Tyler Randall and his new Mapex kit

TylerRandall Mapex1

Tyler Randall of London Ontario’s very own Rose Cora Perry & The Truth Untold, has joined the family of Mapex drums Canada and has spent some time with Planet Drum to answer some of our questions.

Marco Mammoliti: It all started 13 years ago, when your mother entered you into a hometown radio contest. Can you tell us about how that all went?

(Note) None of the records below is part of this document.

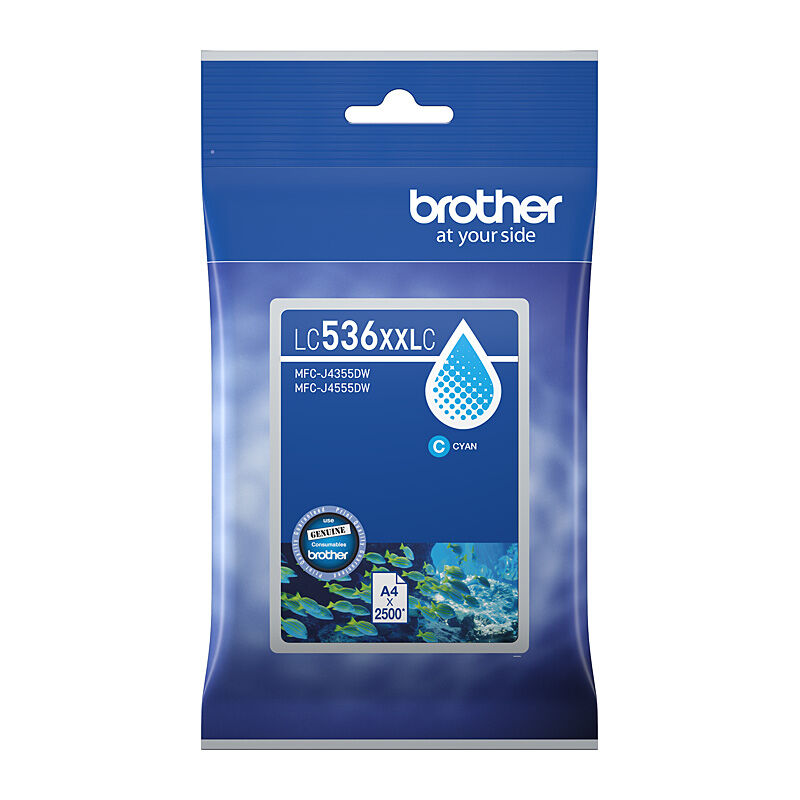 Brother LC-536XXLC Cyan Ink Cartridge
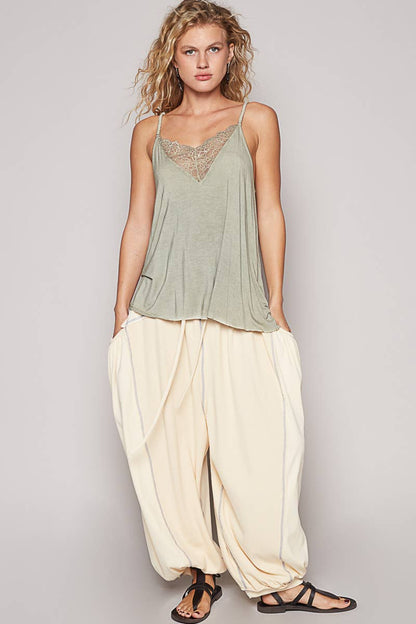 Lace V-Neck Camisole Tank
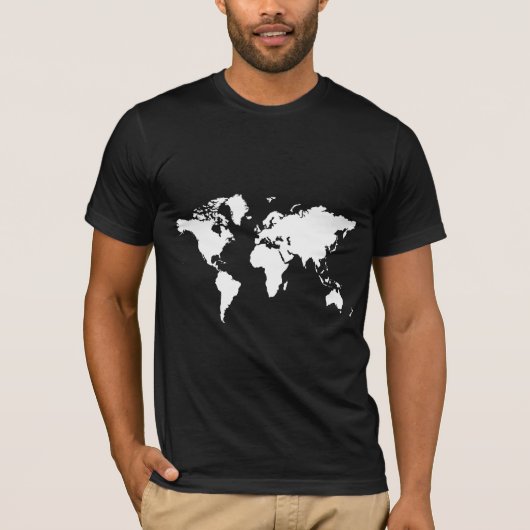 世界地図のTシャツ Tシャツ (正面)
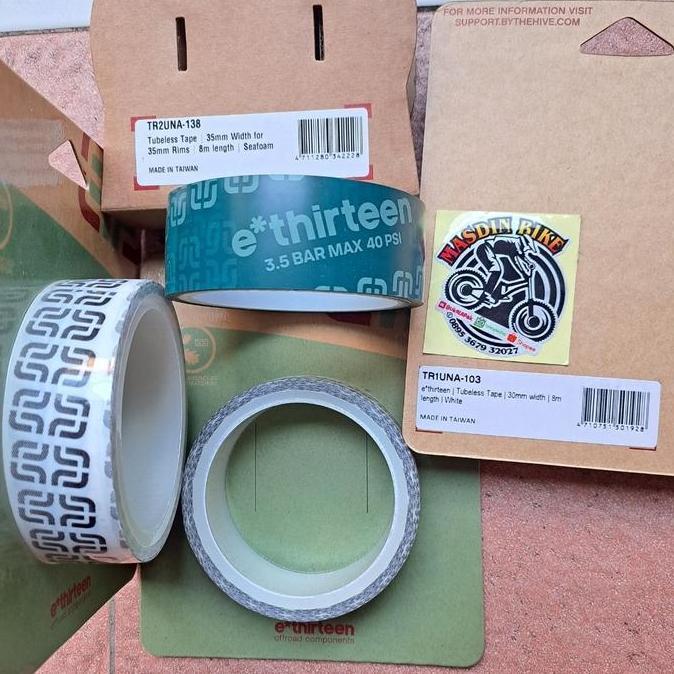 E13 Rims Tape 30mm 35mm Tubeless Lakban Rims Tubles 3cm 3.5cm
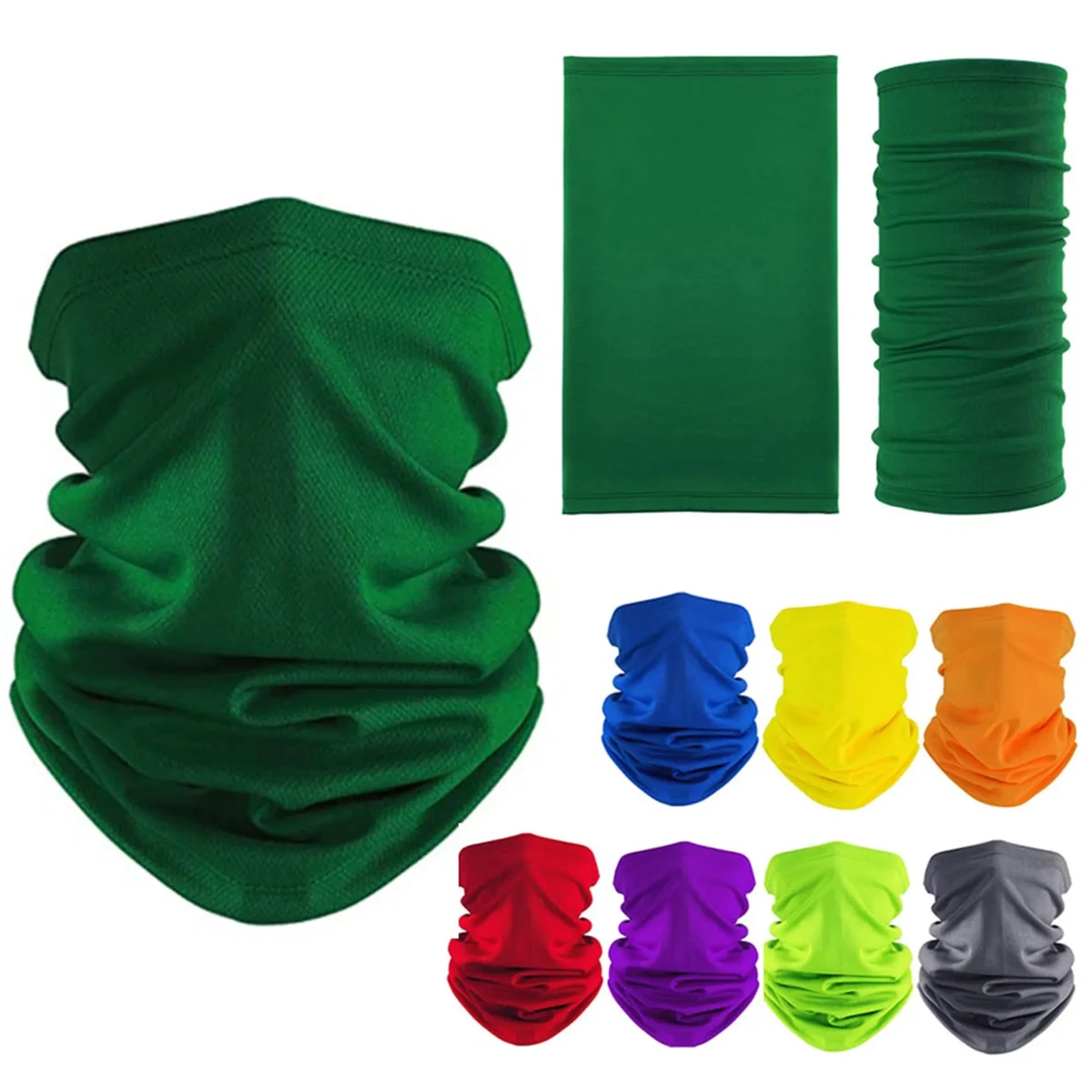 Quickly Dry Cooling Mesh Hemmed Neck Gaiter Mask 1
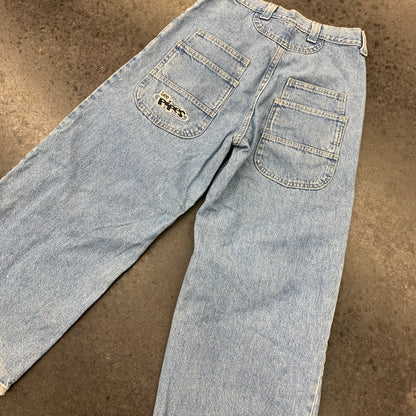 Lee Pipes Jeans Distressed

Tyler Randall: The story began in the deep slumber of a sleeping teenager…that teenager being me. My mother walked into my room – phone in hand – instructing me to play drums into the receiver.
I think it was around 7 or 8 am on a weekday and so I commented that I didn’t feel our neighbours would appreciate hearing a drum solo. But my mom insisted it was necessary for me to play, despite the early hour.
I took to my drum throne – while rubbing the sleep from my eyes – and began to play “Southbound 280” by Mike Park.
Enthralled in the moment, my mom had to tell me to stop playing so that she could hear the feedback from the radio hosts.
When she finished speaking with them, my mom told me I was selected among a small group of drummers to play alongside Shania Twain at her upcoming concert in London, Ontario. She indicated the hosts were impressed by my abilities.
When the day of the concert came, my mother and I made our way to the venue early to get situated with what would transpire later that evening. We were greeted by Shania’s drummer – who was very personable and nice – along with the coordinators in charge of the show.
The other selected drummers and I were given an overview of what was to happen when the time came for us to go up on stage. I was pretty nervous already; when I actually got on stage, my nervousness multiplied greatly.
It was pretty surreal to play alongside a “celebrity” and such a talented musician in front of thousands of spectators. I was admittedly awkward.
Even though the selected drummers, including myself, only played a few small parts of a song (right before it went into the chorus, to be exact), it was a monumental experience for me and I won’t forget it. My mom was also happy she was able to go to the concert for free 🙂

MM: Let’s start from the beginning. Can you tell us how you got involved in drumming?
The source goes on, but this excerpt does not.